How to complete this task: The listing below should be printed again word for word, without any images.

___ Supplied material

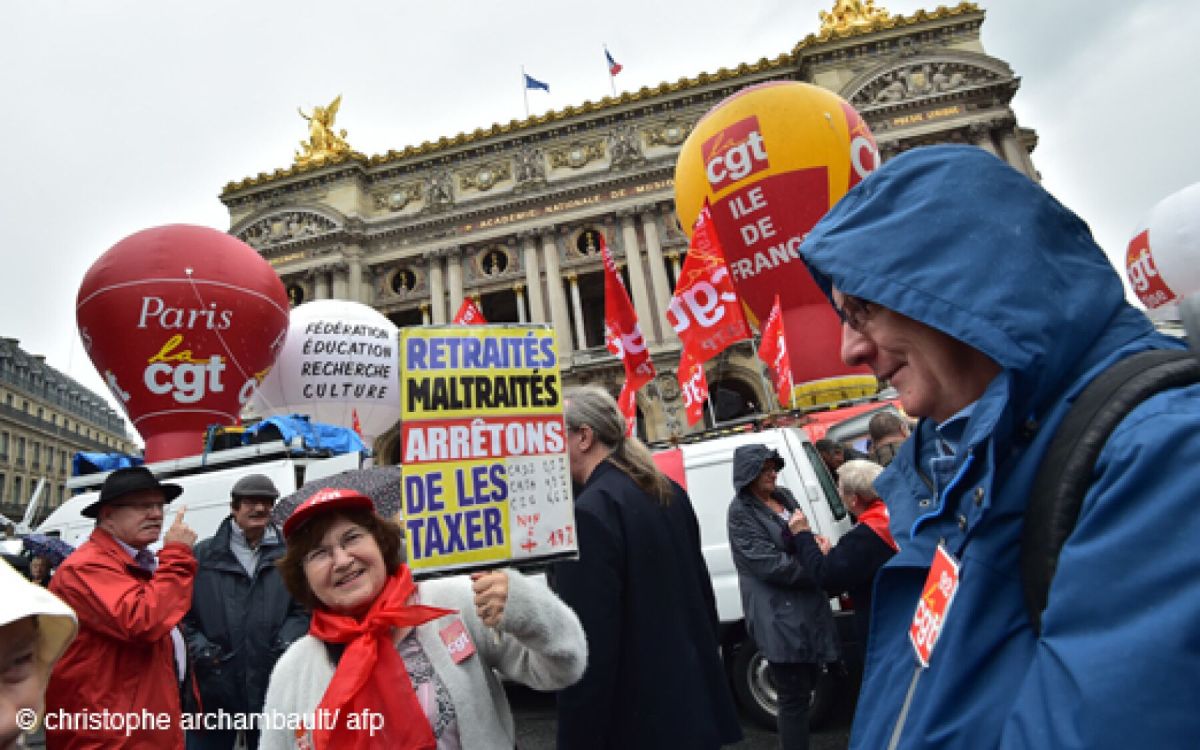 Retraités en colère : la mobilisation contre la hausse de la CSG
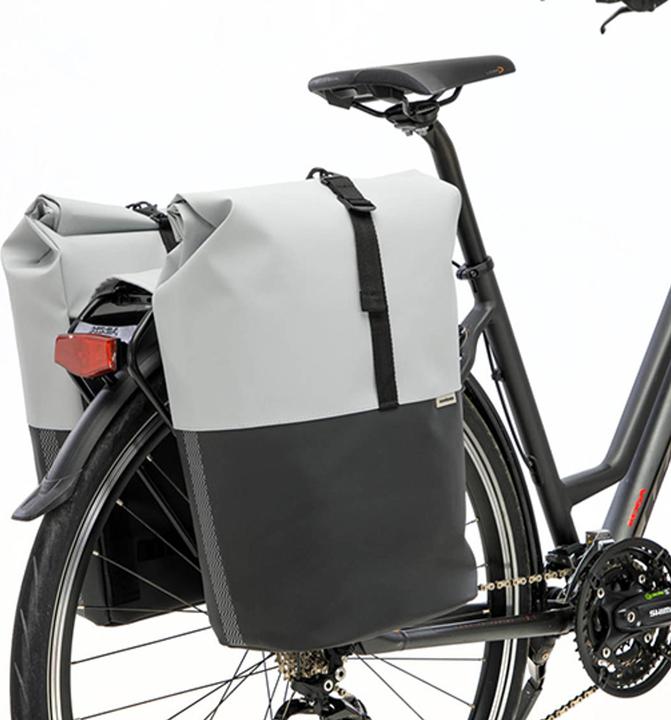 Produktbild New Looxs Tasche Nyborg DoubleMIK lightgrey blk (34 l, Gepäckträgertasche)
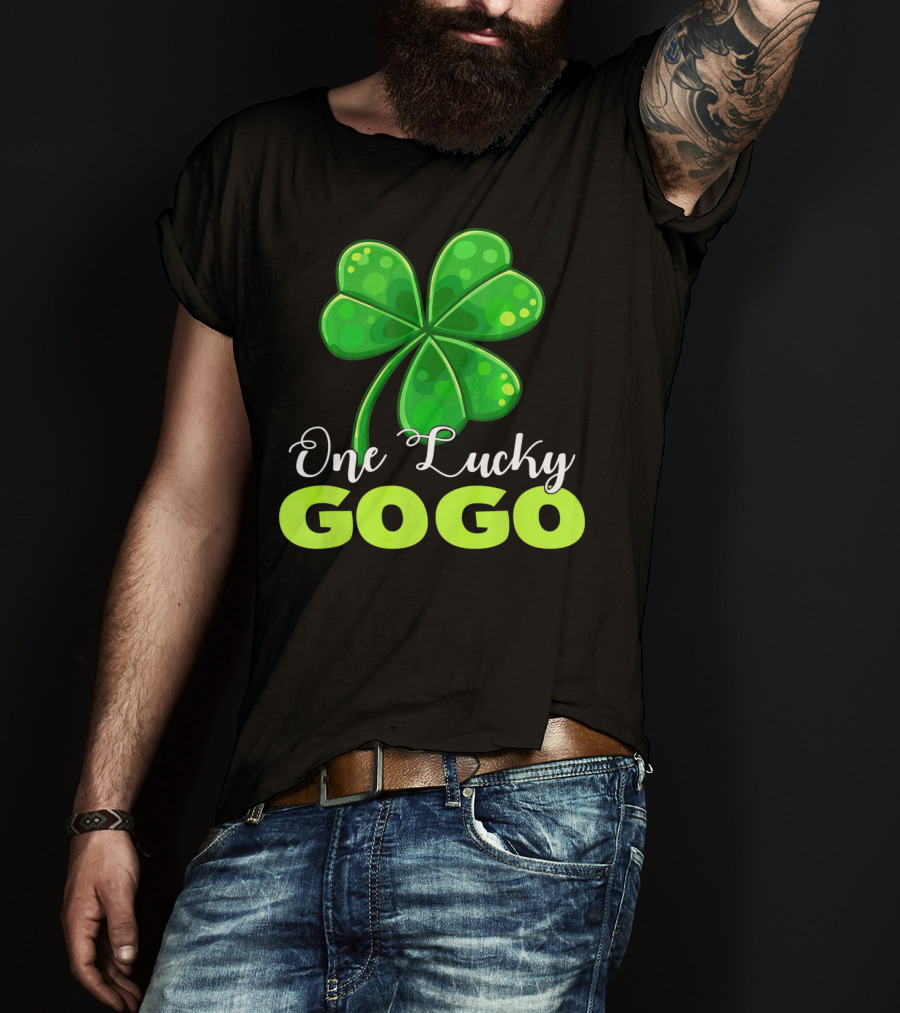 One Lucky Gogo Clover T-Shirt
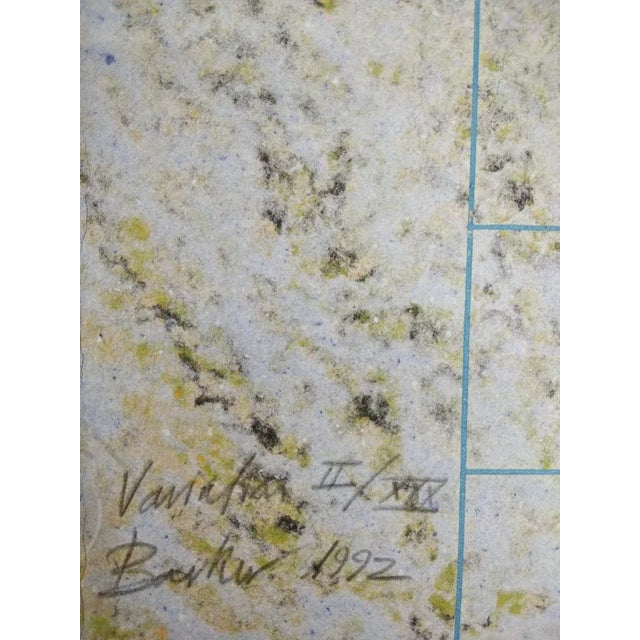 Laurence Barker, Untitled, 1992, Charcoal on Paper, in Flawless conditions. Designed 1990 to 1999 This piece has an...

______

Exercise response:
 Retraités en colère : la mobilisation contre la hausse de la CSG
 Produktbild New Looxs Tasche Nyborg DoubleMIK lightgrey blk (34 l, Gepäckträgertasche)
 One Lucky Gogo Clover T-Shirt
 Laurence Barker, Untitled, 1992, Charcoal on Paper, in Flawless conditions. Designed 1990 to 1999 This piece has an...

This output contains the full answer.